Atlanta superintendent Meria Carstarphen said she plans to review the new guidance and see if any changes are needed. But she said she welcomed the guidance.
“The guidance I think feels more right because schools have struggled with this,” she said. “Just having a good baseline of guidance that is supported by the Department of Justice takes a lot of questions out of people’s minds and we can serve students better.”
Starting last year, the district began staff sensitivity and awareness training on how to be supportive of diverse students, including diversity of gender identity, she said.

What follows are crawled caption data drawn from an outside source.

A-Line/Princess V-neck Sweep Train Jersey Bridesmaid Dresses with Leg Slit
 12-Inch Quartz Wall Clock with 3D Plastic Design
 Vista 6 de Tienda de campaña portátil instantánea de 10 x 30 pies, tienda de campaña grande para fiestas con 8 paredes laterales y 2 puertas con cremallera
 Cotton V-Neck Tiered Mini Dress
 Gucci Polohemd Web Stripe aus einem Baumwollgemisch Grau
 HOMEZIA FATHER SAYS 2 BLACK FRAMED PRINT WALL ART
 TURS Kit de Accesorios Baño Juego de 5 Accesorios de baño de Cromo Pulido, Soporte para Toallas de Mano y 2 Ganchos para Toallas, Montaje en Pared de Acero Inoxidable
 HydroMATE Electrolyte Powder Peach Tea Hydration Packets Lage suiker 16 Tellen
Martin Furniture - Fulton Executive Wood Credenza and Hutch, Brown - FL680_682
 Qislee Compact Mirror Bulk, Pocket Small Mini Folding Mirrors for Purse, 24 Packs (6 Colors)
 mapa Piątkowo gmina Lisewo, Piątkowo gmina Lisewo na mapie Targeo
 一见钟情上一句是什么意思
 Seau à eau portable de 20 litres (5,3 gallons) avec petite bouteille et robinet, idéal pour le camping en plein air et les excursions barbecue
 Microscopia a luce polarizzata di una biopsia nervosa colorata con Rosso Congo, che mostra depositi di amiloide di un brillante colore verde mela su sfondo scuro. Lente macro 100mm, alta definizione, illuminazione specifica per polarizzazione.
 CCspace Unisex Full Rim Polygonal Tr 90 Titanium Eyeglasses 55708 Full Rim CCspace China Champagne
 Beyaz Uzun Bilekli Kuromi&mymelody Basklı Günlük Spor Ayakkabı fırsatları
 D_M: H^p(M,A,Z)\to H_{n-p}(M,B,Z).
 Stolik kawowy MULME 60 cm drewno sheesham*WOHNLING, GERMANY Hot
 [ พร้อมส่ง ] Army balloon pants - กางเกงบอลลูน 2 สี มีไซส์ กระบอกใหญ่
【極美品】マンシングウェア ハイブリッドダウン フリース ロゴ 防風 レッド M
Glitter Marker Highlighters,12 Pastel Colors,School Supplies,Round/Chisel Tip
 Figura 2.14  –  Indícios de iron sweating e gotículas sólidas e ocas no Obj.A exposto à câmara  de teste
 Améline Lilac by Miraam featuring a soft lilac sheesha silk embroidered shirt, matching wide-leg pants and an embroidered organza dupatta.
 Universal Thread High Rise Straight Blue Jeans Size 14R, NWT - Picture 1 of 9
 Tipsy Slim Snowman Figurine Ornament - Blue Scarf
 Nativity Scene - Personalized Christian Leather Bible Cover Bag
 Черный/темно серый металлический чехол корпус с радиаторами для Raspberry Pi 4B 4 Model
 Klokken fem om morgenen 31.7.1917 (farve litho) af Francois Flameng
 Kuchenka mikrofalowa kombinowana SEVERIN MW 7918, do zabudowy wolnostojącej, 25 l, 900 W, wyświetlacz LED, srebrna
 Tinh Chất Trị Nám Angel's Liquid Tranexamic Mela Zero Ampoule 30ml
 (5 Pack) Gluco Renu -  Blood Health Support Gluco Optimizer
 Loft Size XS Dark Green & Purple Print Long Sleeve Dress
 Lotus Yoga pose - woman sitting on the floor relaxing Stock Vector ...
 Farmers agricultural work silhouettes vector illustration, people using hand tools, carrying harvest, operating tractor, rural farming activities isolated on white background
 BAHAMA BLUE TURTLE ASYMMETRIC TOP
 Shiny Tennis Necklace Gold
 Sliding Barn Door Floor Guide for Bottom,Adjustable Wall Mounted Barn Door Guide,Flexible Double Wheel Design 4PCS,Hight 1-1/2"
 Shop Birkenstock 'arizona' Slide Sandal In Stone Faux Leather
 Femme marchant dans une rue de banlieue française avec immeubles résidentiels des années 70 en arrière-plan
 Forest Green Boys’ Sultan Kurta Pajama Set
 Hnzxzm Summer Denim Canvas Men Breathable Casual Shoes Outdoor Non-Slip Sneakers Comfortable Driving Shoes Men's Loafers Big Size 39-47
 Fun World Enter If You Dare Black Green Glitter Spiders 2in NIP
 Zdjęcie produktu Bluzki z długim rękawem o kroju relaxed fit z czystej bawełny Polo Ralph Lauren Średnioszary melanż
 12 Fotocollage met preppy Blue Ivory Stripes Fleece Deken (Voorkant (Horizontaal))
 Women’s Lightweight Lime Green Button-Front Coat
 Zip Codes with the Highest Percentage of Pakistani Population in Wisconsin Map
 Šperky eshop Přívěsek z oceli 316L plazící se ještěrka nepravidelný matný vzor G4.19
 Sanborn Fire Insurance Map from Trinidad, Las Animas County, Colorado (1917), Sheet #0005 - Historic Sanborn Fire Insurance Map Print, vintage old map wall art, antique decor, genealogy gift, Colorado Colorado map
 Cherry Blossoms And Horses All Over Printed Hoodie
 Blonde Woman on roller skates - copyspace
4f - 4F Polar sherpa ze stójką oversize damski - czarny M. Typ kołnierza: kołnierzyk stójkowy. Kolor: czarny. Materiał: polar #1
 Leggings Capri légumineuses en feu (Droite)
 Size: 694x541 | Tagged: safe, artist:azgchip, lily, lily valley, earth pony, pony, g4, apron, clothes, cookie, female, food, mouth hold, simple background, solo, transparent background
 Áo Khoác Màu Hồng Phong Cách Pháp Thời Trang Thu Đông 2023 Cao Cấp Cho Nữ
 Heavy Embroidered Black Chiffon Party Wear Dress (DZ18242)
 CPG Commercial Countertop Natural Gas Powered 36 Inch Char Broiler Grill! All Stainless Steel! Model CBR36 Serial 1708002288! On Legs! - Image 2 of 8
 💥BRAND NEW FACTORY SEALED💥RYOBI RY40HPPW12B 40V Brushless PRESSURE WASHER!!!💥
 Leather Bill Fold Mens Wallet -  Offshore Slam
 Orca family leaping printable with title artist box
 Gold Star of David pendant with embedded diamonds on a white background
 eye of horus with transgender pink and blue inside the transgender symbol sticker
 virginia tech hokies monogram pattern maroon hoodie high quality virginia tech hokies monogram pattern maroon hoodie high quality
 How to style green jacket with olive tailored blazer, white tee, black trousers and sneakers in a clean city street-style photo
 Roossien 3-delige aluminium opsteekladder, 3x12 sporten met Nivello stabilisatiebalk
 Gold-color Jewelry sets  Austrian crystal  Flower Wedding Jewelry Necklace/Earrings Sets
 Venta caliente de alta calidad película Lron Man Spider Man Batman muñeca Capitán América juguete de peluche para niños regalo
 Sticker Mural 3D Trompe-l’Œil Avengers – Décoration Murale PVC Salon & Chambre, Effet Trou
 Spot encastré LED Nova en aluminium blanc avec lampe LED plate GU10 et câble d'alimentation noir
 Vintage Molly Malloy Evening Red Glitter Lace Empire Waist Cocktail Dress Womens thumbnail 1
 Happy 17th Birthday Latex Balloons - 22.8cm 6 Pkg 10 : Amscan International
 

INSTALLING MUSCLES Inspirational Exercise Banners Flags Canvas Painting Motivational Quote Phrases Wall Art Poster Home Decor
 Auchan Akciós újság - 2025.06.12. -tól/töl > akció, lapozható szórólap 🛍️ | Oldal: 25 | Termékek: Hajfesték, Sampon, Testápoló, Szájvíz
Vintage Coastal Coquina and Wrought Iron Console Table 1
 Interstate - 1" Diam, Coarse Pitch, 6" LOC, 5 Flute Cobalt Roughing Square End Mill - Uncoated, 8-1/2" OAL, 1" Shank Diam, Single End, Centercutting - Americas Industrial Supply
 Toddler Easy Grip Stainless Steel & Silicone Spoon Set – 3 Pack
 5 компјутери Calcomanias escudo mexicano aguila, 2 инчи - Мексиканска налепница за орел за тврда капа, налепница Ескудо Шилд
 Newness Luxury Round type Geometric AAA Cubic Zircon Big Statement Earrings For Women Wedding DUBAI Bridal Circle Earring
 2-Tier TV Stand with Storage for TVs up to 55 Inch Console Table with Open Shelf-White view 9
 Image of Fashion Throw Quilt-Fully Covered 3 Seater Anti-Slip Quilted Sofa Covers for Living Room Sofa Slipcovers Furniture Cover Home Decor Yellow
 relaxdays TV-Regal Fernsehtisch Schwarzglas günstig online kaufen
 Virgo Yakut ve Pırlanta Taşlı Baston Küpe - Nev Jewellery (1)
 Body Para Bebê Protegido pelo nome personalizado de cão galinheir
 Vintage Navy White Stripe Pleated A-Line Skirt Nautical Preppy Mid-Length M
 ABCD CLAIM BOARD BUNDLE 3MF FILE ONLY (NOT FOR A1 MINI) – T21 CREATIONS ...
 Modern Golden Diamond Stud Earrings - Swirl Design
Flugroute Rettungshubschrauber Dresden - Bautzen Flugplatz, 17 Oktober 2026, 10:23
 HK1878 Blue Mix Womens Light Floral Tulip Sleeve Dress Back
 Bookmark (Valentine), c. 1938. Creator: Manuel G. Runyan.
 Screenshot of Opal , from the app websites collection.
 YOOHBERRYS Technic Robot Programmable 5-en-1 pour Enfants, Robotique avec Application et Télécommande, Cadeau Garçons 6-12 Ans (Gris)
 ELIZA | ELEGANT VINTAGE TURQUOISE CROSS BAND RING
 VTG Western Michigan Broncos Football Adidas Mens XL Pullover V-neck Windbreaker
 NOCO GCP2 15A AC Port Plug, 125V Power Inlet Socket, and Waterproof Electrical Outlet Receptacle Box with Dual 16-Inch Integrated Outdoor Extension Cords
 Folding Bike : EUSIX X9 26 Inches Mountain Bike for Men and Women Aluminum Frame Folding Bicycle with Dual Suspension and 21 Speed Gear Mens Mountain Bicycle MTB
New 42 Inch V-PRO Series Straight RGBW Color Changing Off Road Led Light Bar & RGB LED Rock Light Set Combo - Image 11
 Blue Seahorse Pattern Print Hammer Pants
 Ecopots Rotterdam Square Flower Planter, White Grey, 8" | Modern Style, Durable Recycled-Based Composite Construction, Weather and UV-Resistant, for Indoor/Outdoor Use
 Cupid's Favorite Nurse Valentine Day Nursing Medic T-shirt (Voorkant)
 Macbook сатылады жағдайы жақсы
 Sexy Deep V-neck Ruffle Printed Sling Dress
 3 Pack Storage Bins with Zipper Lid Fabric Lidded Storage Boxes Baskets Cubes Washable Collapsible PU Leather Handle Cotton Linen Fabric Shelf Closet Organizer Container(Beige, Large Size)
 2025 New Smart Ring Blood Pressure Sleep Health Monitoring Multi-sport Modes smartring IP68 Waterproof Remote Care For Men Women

Currently, individual Atlanta schools generally approach students with changing gender identities on an individual basis, Carstarphen said. If a family brings a student’s circumstances to a school’s attention, school staff may develop a plan to support the student. That could include allowing the student to use the shared restroom of his or her choice, a single-user restroom or a staff restroom.
“The way we approach it is that every student and every family has their own circumstance,” she said.
Today's joint U.S. Department of Justice and U.S. Department of Education letter reads, "A school may provide separate facilities on the basis of sex, but must allow transgender students access to such facilities consistent with their gender identity. A school may not require transgender students to use facilities inconsistent with their gender identity or to use individual-user facilities when other students are not required to do so. A school may, however, make individual-user options available to all students who voluntarily seek additional privacy,"
The letter also addresses single-sex schools, stating they are permitted to set their own sex-based admissions policies. Atlanta currently has an all-boys school and an all-girls school.
The directive is not a federal law. But schools that do not follow the directive could face lawsuits or a loss of federal funding.